Ganz è stato uno dei giocatori più importanti quell'anno: ha segnato gol pesantissimi (Piacenza, Parma, Sampdoria), ha dato una grossa mano nel derby e, più in generale, era un'alternativa importante per Zaccheroni.
Sulla partita con Lazio hai ragione: è vero, la settimana successiva il Milan ha perso a Parma, ma quella sera si era capito che qualcosa era scattato nella testa dei calciatori.


----------



## mistergao (15 Luglio 2015)

Inizia dicembre ed il Milan mette il turbo. Pronti, via e si parte con un netto 3-0 all’Udinese, seguito da una vittoria contro il Vicenza: 1-0 nonostante l’espulsione esagerata di Ambrosini. La settimana dopo si va a Genova a pareggiare 2-2: un’altra occasione nella quale l’arbitro non aiuta i rossoneri, che però sbagliano davvero troppo e vengono giustamente puniti dai doriani, ma avranno modo di rifarsi al ritorno. 
Le vacanze di Natale che arrivano sono comunque liete: la squadra è a ridosso della testa, il campionato non sembra avere un padrone e poco prima di Natale si scopre che il Milan ha comprato dalla Dinamo Kiev Andriy Shevchenko, per la cifra (che all’epoca sembrava fuori dal Mondo) di 45 miliardi di lire. Il 2 Gennaio la Gazzetta esce con un numero speciale che celebra il più grande rossonero di sempre: vince Rivera, ma la notizia è che un po’ tutti gli addetti ai lavori pronosticano per il Milan un futuro roseo, in quanto la squadra dà l’idea di essere in salute e pronta a giocarsela con le altre, quanto meno per la Champions.
Gennaio parte un po’ in sordina: 1-1 contro Juve (partita buttata) ed Empoli, poi il Milan ingrana la quarta: vittorie contro Perugia, Bologna e Salernitana. La partita contro il grifone verrà ricordata per la follia di Sebastiano Rossi: il Perugia accorcia le distanze su rigore al 90°, Bucchi si getta a prendere il pallone in fondo al sacco e Rossi, inspiegabilmente, lo placca. Espulsione e cinque giornate di squalifica, acquisto (in extremis) di Frezzolini (terzo portiere) ed Abbiati lanciato in prima squadra.
Questa è l’ultima partita del girone d’andata, la classifica è la seguente:

Fiorentina 35
Lazio 32
Parma 32
Milan 30

La Gazzetta l’analizza ed il giorno dopo avvisa tutti: occhio al Milan! E’ quarto, sembra lontano, ma è vicinissimo. Ed il Milan (nel 1961/62) è stata l’unica squadra a vincere il campionato chiudendo al quarto posto nel girone d’andata.

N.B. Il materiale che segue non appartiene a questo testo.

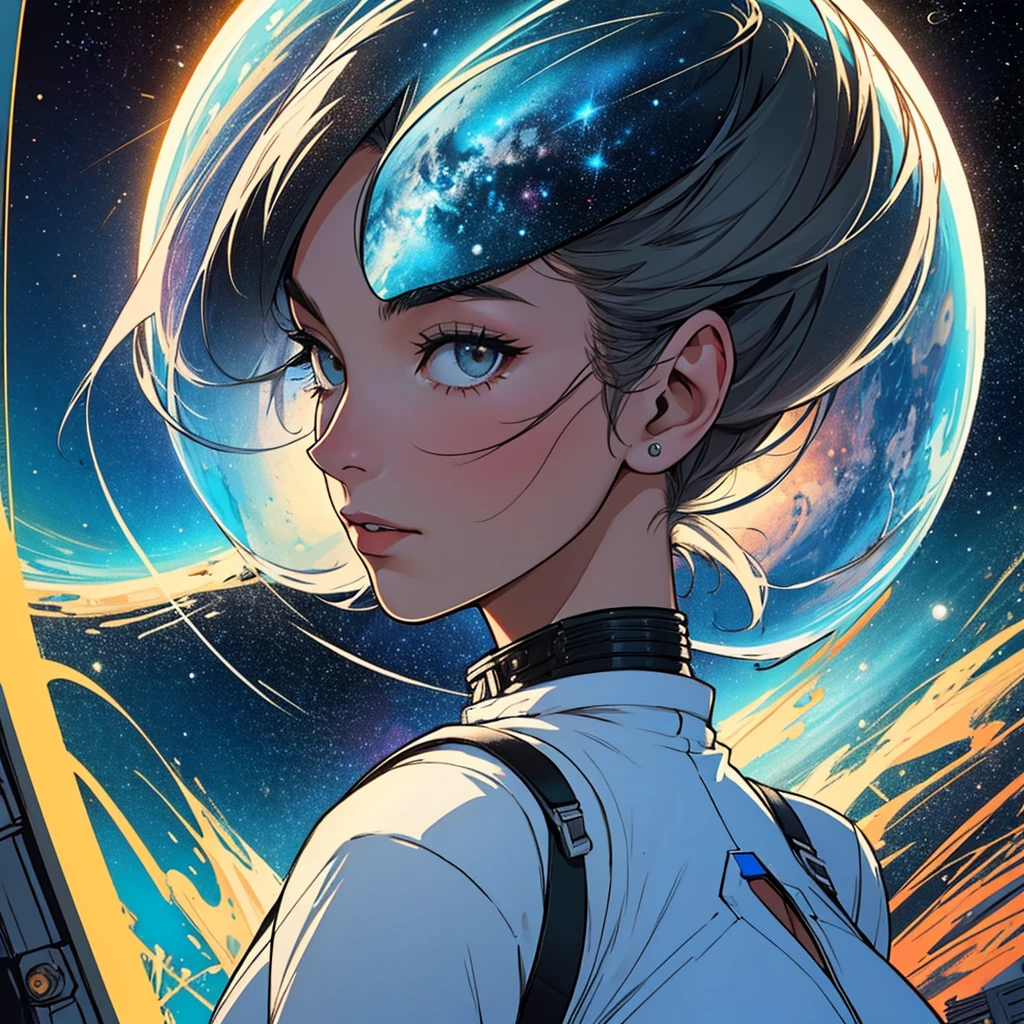 (((32k))),(((highest quality))),(Perfect One Woman),60's,70's,80's,old movie posters,retro,vintage,bauhaus,abstract,Space Thriller Movie Poster,Futuristic,shape,OK,cosmos,galaxy,satellite,mechanical,Geometric pattern,meteor,meteorite,planet,very delicate,宇宙飛OK士,Milky Way,big breasts,cleavage,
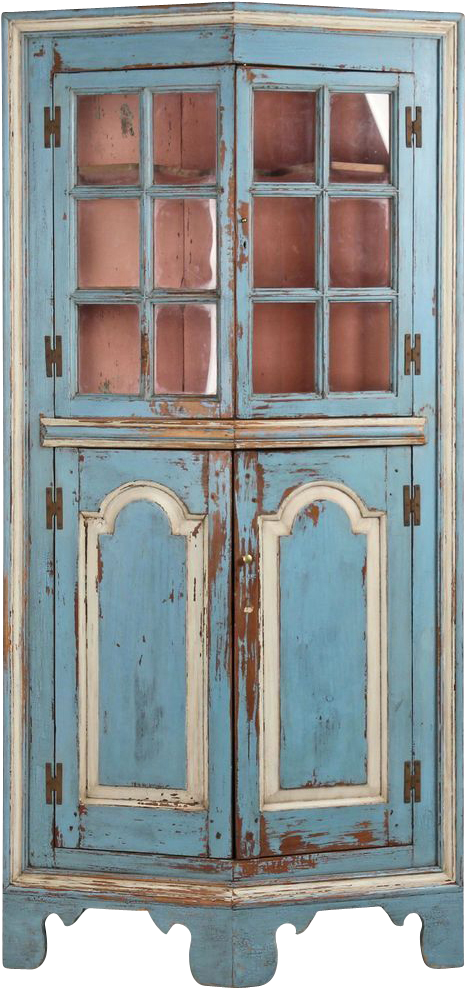 Vintage Blue Wooden Cabinet PNG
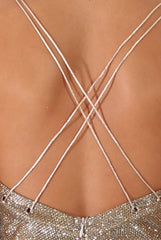 Gold Glitter Cross Back Strappy Playsuit - Jaclyn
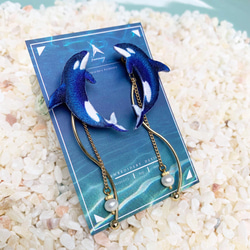 humming 虎鯨 刺繡耳環 耳夾 夾式 抗敏耳針 珍珠 生日禮物 禮盒 海豚 Orcinus orca 第4張的照片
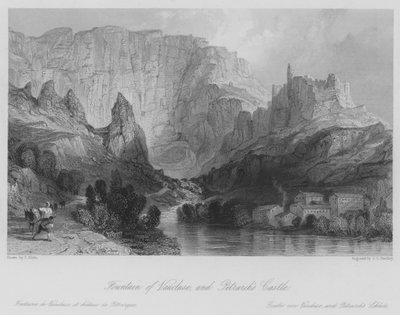 Fontänen i Vaucluse och Petrarcas slott (gravyr) av Thomas (after) Allom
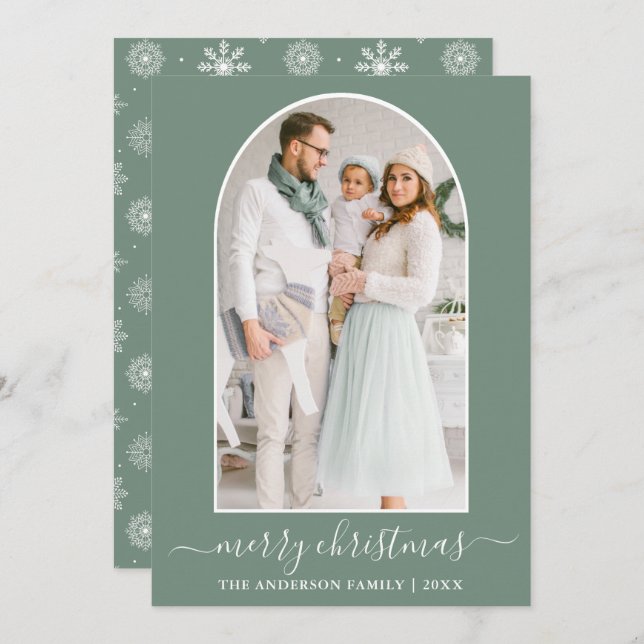 Cartão De Festividades Caligrafia Arca Fotográfica Snowflakes Sage Green (Frente/Verso)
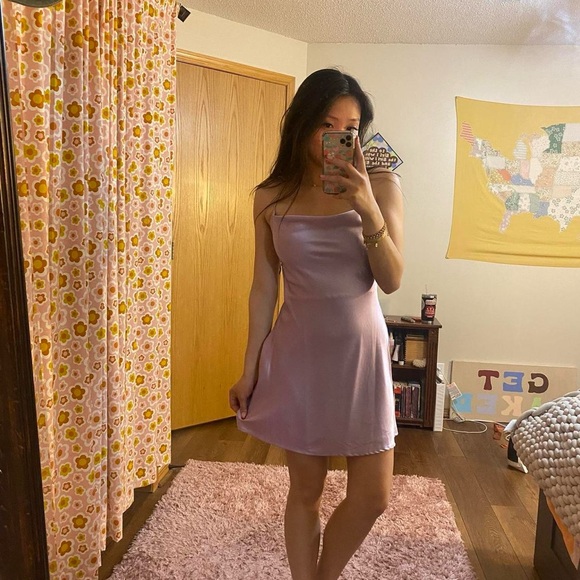 lavender silky/ satin cowl neck slip dress - Picture 1 of 5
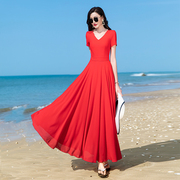 2024夏气质V领短袖红色大摆雪纺长裙超长到脚踝海边长裙沙滩裙女
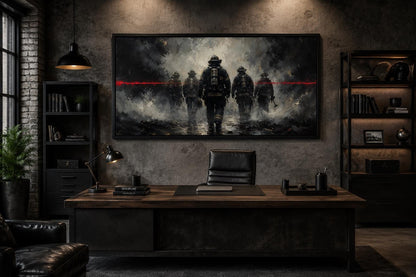Firefighter Wall Art – Thin Red Line Canvas | Fire Station Office Decor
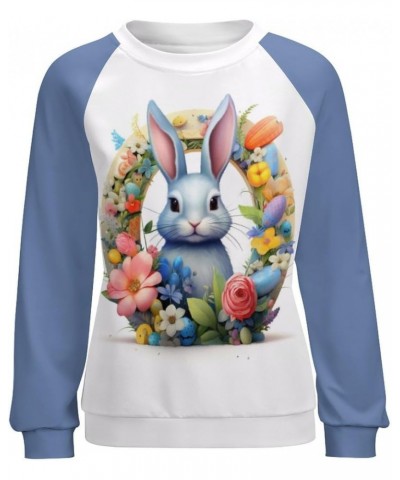 Womens Easter Bunny Sweatshirt Long Sleeve Cute Rabbit Funny Egg Print Crewneck Pullover Top Tee Shirts for Girls Blue $14.57...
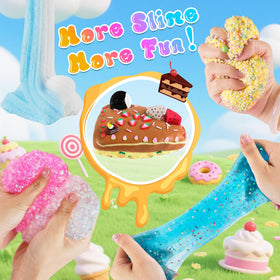 Closeup of crunchy, soft butter slime texture ready to stretch with LAWOHO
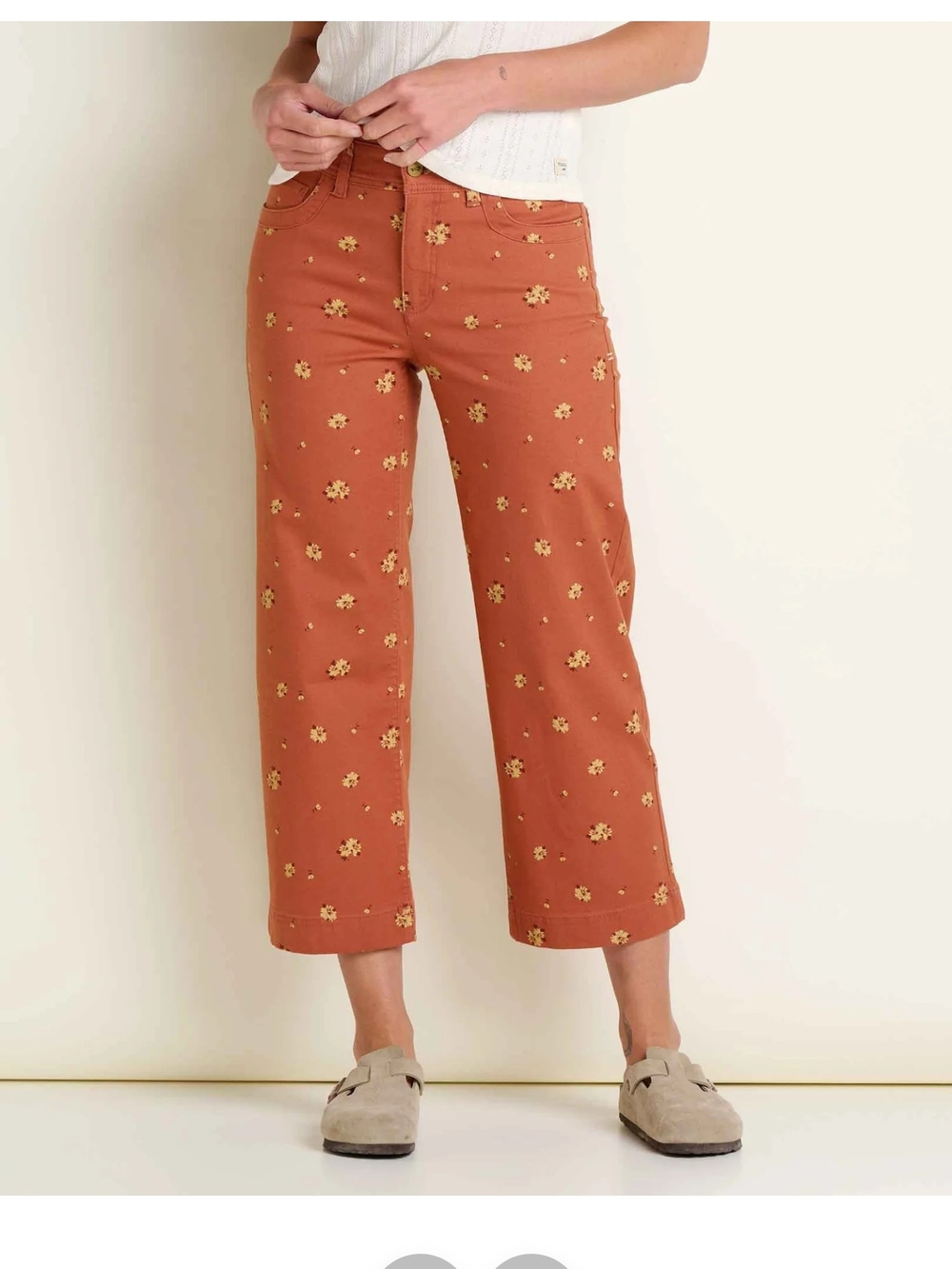 Toad&Co Rust Brown Floral Crop Pants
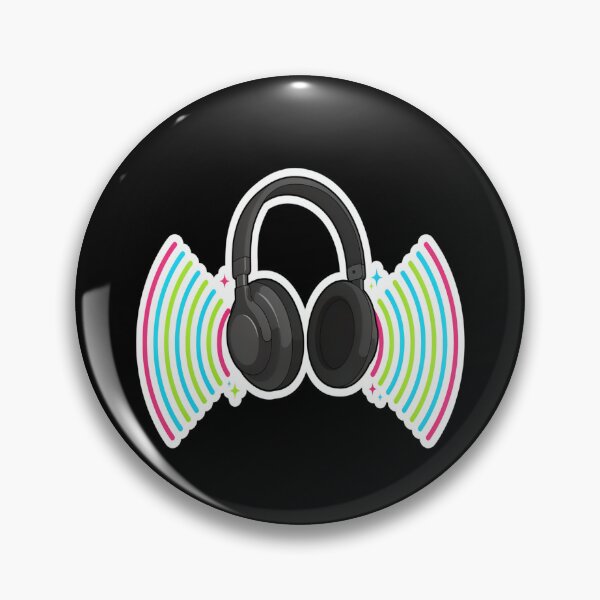 Item preview, Neon Headphones – Modern Soundwave Music Design designed and sold by Midnight Veil Designs.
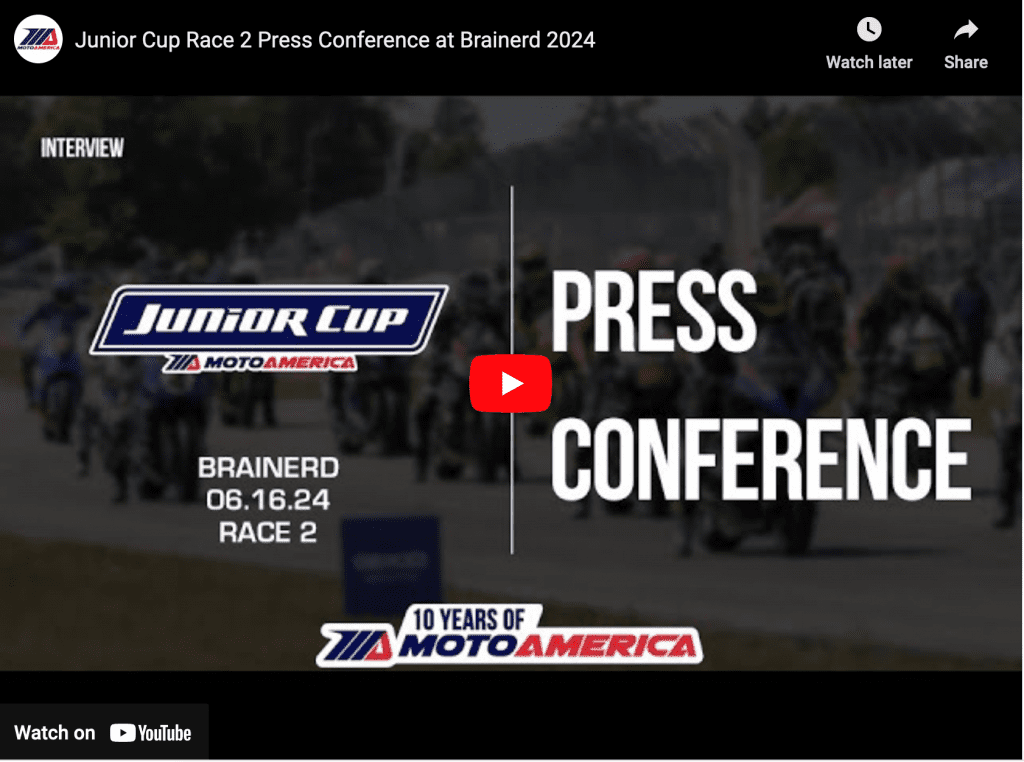 Read more about the article Video: Junior Cup Race Two Press Conference From Brainerd International Raceway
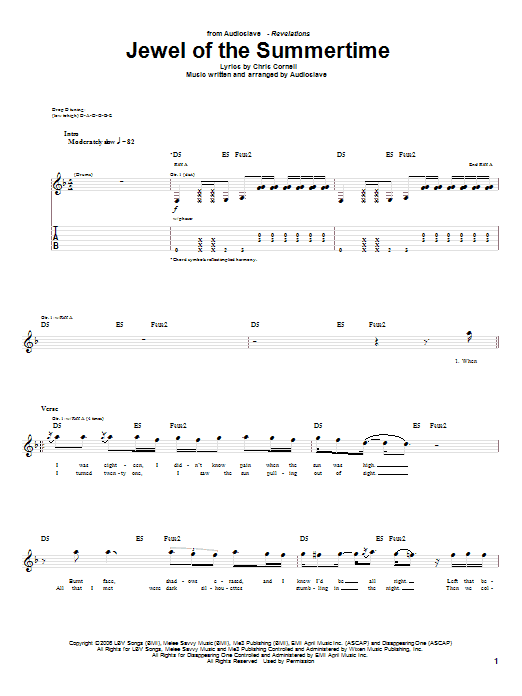 Audioslave Jewel Of The Summertime Sheet Music Notes & Chords for Guitar Tab - Download or Print PDF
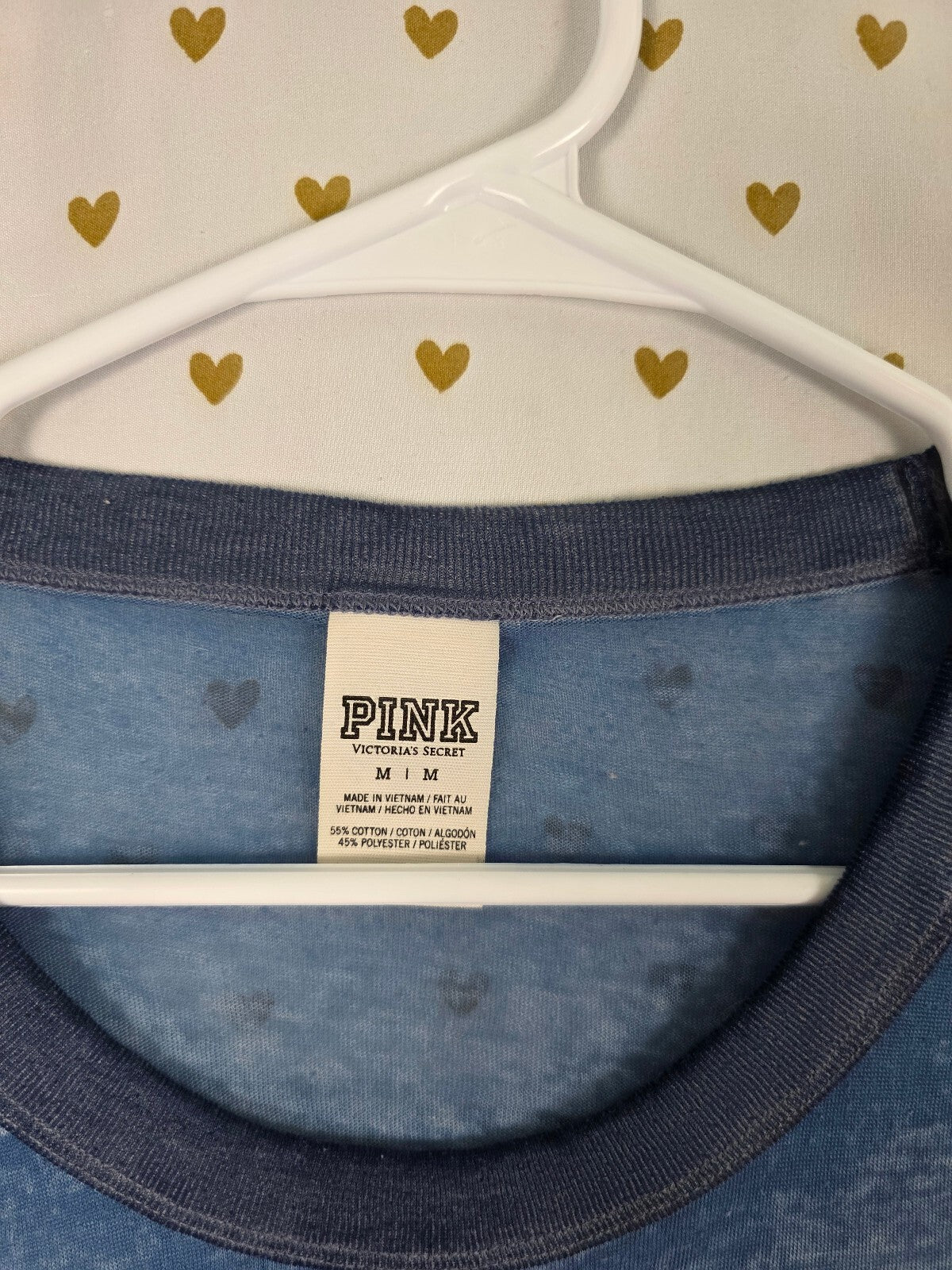 Victorias Secret PINK Blue Love burnout stretch  Tee shirt MEDIUM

Abbiati debutta dal primo minuto contro il Bologna, a Bologna: prende due gol ma il Milan vince grazie alla scheggia impazzita e all’eroe che non ti aspetti.
La scheggia impazzita è Mohammed Aliyu Datti, diciassettenne attaccante della primavera, che al 90° prende un pallone e si incunea tra i difensori del Bologna. Punizione al limite dell’area, va Bruno N’Gotty fino ad allora (e, come vedremo, anche dopo) sciagurato difensore centrale che in rossonero non ne ha combinata una buona. Ma il buon Bruno è un ottimo battitore di calci di punizione: segna un gol spettacolare (che potete vedere nel filmato qui sotto) ed il Milan sbanca Bologna.
Alla partita con i bolognesi segue il 3-2 casalingo contro la Salernitana. Dopo questa vittoria si chiude il mese di Gennaio: nelle ultime otto partite i rossoneri ne hanno vinte cinque (e con più attenzione potevano essere di più), pareggiandone tre. La squadra ha cominciato a correre e gioca bene, anche perché sembra avere risolto il problema della fascia sinistra, dove Guglielminpietro sta cominciando a giocare su alti livelli. Messa così sembra che tutti i riflettori dovrebbero essere puntati sul Milan, eppure…
…eppure il Milan avanza a fari spenti. “Fari spenti” sarà il termine chiave per lo scudetto del Milan: nessuno da poi tanto credito ai rossoneri, anche perché la Lazio si è ripresa ed è nel bel mezzo di una striscia di nove vittorie consecutive. 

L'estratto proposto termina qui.